Halakhic Positions of Rav Joseph B. Soloveitchik
by R. Aharon Ziegler
At the end of Sefer Shemot (35:2), at the very conclusion of GD’s command to Moshe regarding the Mishkan, HaShem once again appends a warning regarding keeping Shabbat. Rav Soloveitchik explained, in the name of his great grandfather, the Bet Halevi, (Rav Yosef Dov Soloveitcik-died May 1 1992). that there are basic necessities to maintain a physical life, and then there are luxuries which are greatly enjoyed but do not constitute necessities. In our spiritual life as well, there are Mitzvot which are basic to our existence as Jews, and there are other Mitzvot which, although beautiful, we can survive without, as a people, if necessary.
If a person becomes mentally deranged, he no longer differentiates between necessity and luxury. He will neglect his body, will not eat, and will not protect himself from the cold. In the same way, when our nation was of sound spiritual foundation, it was unnecessary to include a warning about Shabbat, and therefore, the command to build the Mishkan in Parashat Terumah did not include this warning. However, after our people worshipped the Golden Calf, we experienced a spiritual mental deterioration. No longer could we differentiate absolute necessity from luxury. It therefore became necessary for GD to warn us about Mitzvah priorities; GD must now emphasize that Shabbat supersedes the Mishkan.
If one reads the Shabbat Shuva drashot that were delivered to our people in Europe over the last few centuries, they never contained warnings to keep Shabbat, Kashrut, to wear Teffilin, or to give children a Jewish education. Such exhortations were unnecessary, as the people recognized that their very existence depended upon these fundamentals. Instead, these drashot contained warnings about Lashon HaRa, how one should not dress too luxuriously, and abour speaking kindly to one’s spouse and to those who are less fortunate.

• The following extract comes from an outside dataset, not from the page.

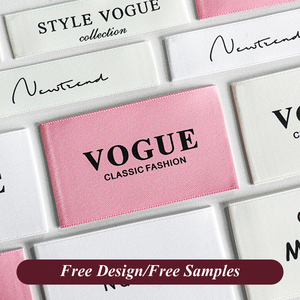 Tùy chỉnh mật độ cao thương hiệu riêng logo có thể giặt nhãn may tag in End gấp quần áo nhãn chính dệt nhãn cho quần áo - Product Image 6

Only in our generation, with our confused priorities, are exhortations regarding spiritual necessities required to be discussed. For example, reciting Kaddish over a decease parent, a relatively minor custom, is today considered more important than Shabbat or expressing rudeness and even hurting the feelings of other people. That’s a confused mind and needs special exhortations.